DISTRIBUTED ANALOG SIGNAL OBSERVATION SYSTEM BASED ON PCs WITH LINUX

E. Klimenkov, N. Mamuchashvili, Yu. Milichenko, V.Voevodin

Institute for High Energy physics, Protvino, 142284, Russia

The IHEP Accelerator Complex U-70 occupies a significant territory: the distance between its elements located in the tunnels and technological buildings makes hundreds of meters. The complex includes 30 MeV linac, 1.5 GeV booster and U-70 proton synchrotron that are managed by the system of control rooms: main control room and several local control rooms situated near the process equipment. At the time of the accelerator operation the personnel requires information on the current state of various systems of the complex as a whole. An opportunity to observe distant electrical signals aids to diagnose malfunctions, to reach coordinated decisions, to facilitate scientific researches.
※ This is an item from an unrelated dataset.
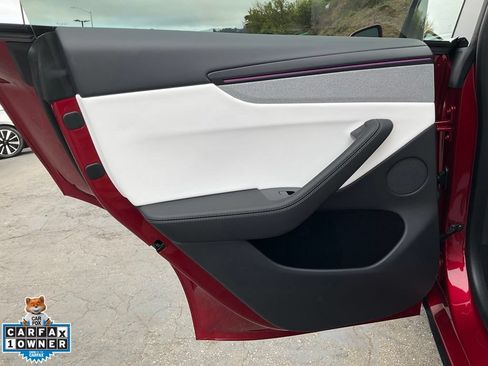 Used 2026 Tesla Model Y 2WD image 51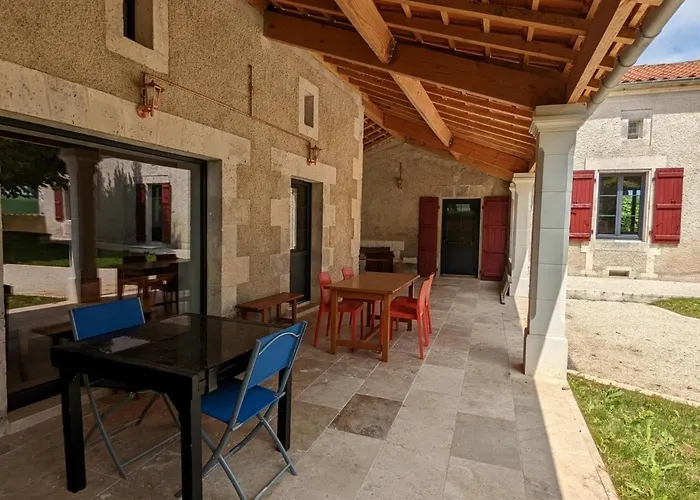 بيت للعطل Maison Spacieuse Avec Piscine Chauffee, Jardin Clos, Terrasses, Cheminee, Et Equipements Bebe Inclus. - Fr-1-653-183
Distributed Analog Signal Observation System (ASOS) provides this opportunity for the Accelerator Complex U-70.

The following resources are used for the system:

1. personal computers (PCs), equipped with GPIB cards (General Purpose Interface Bus);
2. digital oscilloscopes TEKTRONIX and LECROY that are currently in operation ( GPIB interface is included into the base configuration of these oscilloscopes);
3. U-70 Control System (CS) in operation [1,2].

By the time of ASOS creation we already had some experience in communication between oscilloscopes and PCs via GPIB under DOS and WINDOWS operating systems, but could not use it within the framework of the uniform Control System, based on DEC ALPHA stations and other computers with UNIX. Linux operating system on PCs and availability of the GPIB driver for Linux solved this contradiction and analog signal observation was included into the Control System as a new application task.

An application development for U-70 Control System should follow several base rules:

• The operator interface is separated from an application and is carried out by standard means of CS in the form of operations on database (DB) objects. A developer creates only a description of task menu and a control table structure supplied by necessary texts;
• Data storage and representation are separated from an application. The visualization of data is performed on CS high level computers only, in the strictly standard form. A developer creates full description of tables, necessary for a task, with their specific names and sizes;
• The application program performs a task algorithm according to the parameters stored in the DB-control table and puts results into the database, filling in the appropriate tables;
• The application program can also carry out some specific processing of the measured data and create a non-standard picture in a bitmap format. In our case the program builds three-dimensional images for the data of LeCroy oscilloscopes running in the "Sequence mode".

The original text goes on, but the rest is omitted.